== EXERCISE REQUIREMENTS ==
Give the listing again exactly, omitting its images.

------ THE DATA ------

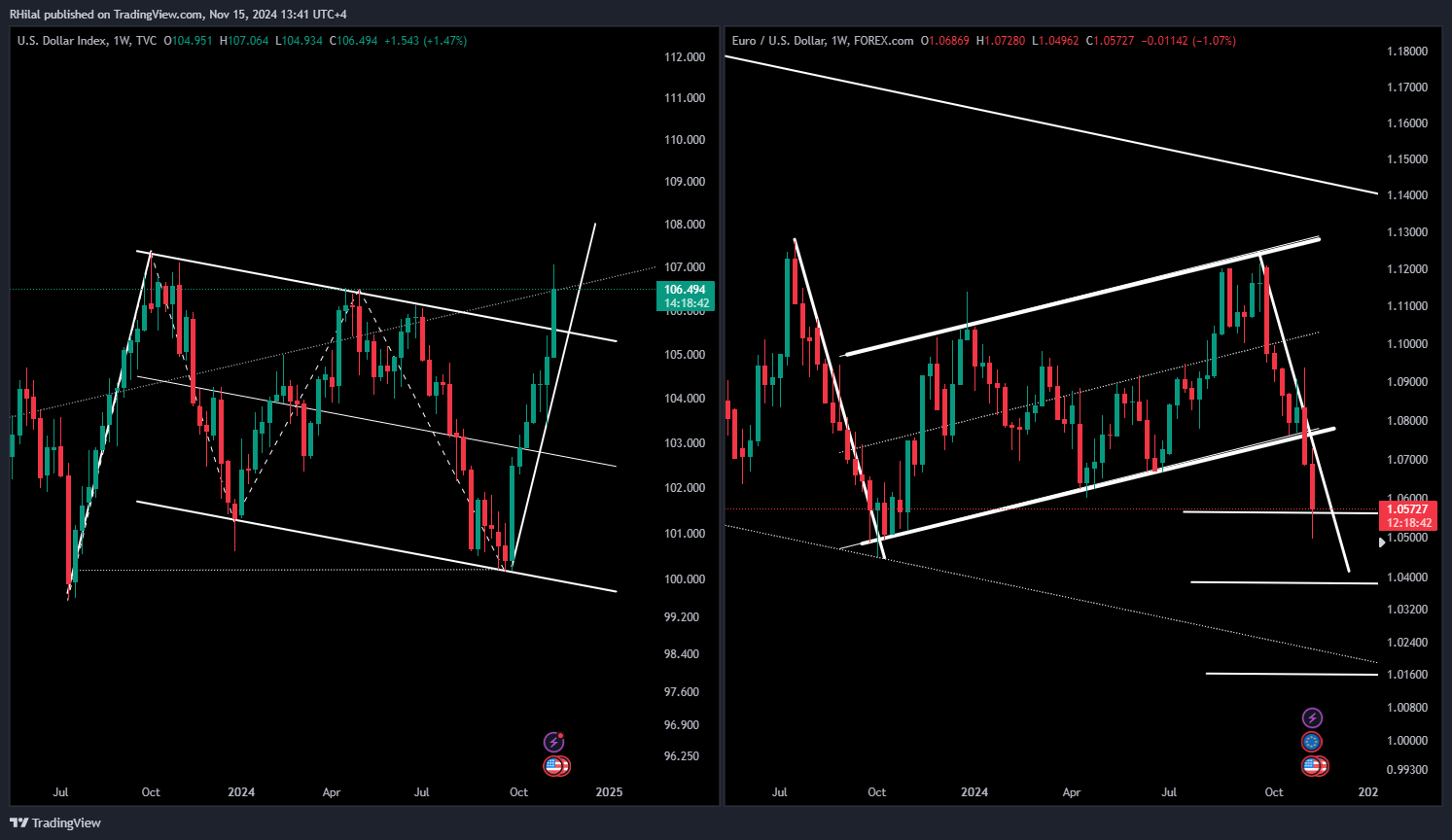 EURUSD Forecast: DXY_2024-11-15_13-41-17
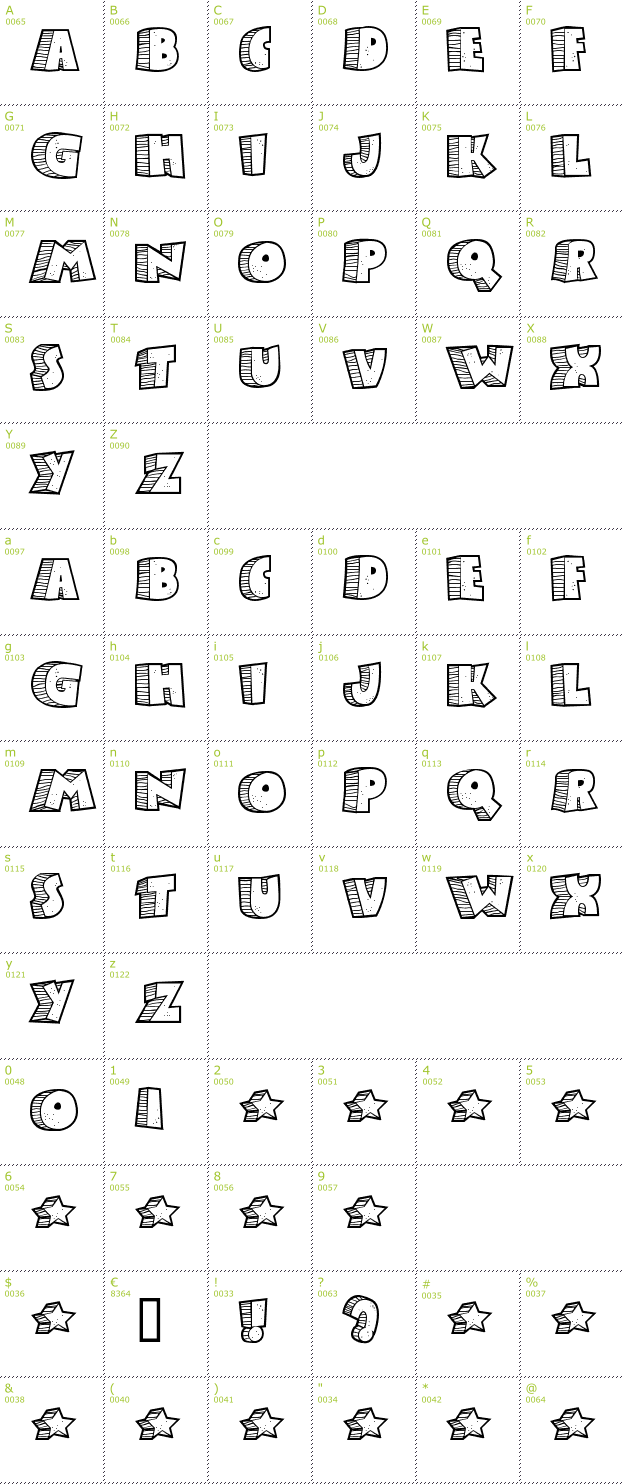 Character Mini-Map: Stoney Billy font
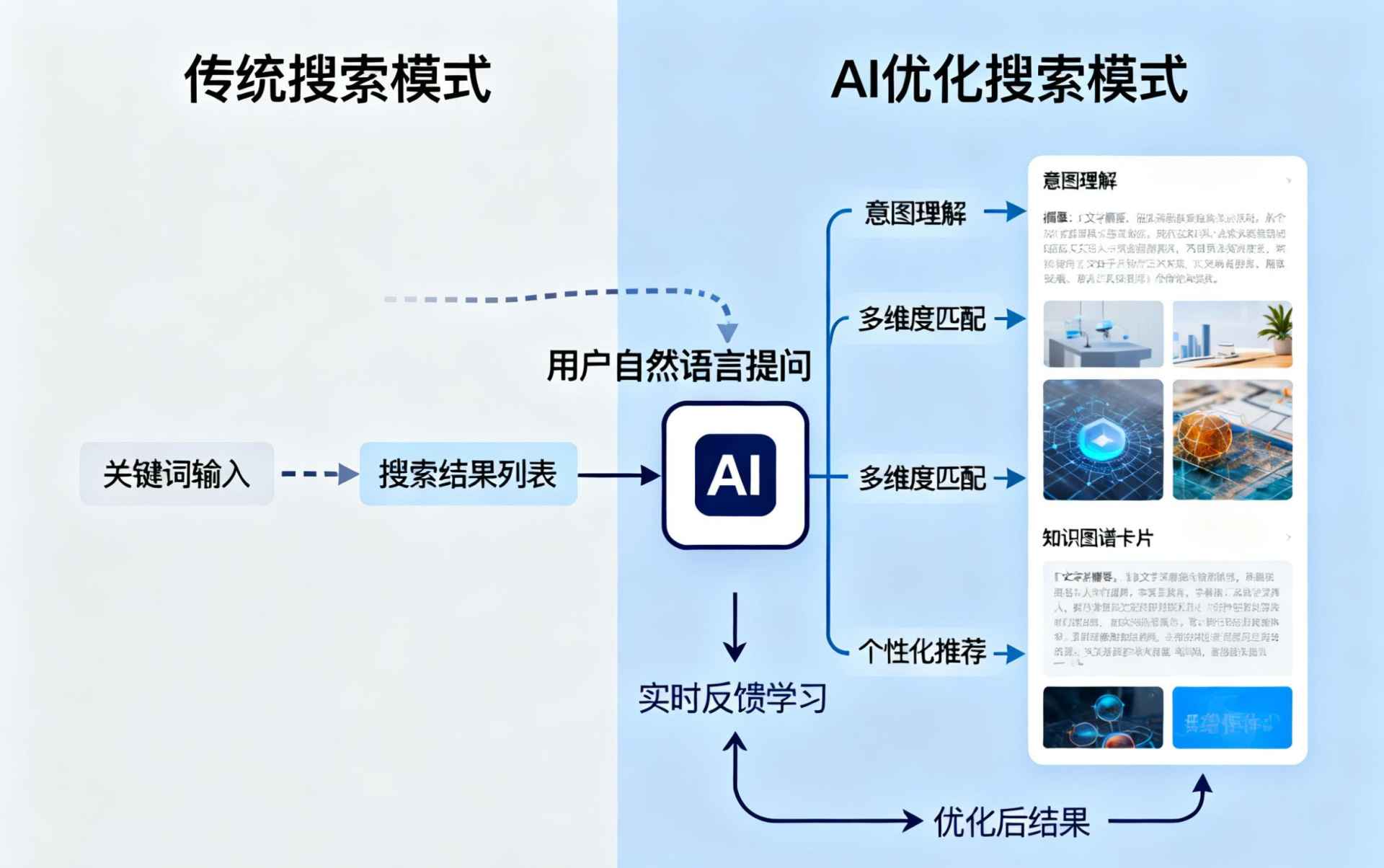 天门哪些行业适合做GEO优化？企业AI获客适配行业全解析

------

== RESULT OF THE EXERCISE ==
 EURUSD Forecast: DXY_2024-11-15_13-41-17
 Character Mini-Map: Stoney Billy font
 天门哪些行业适合做GEO优化？企业AI获客适配行业全解析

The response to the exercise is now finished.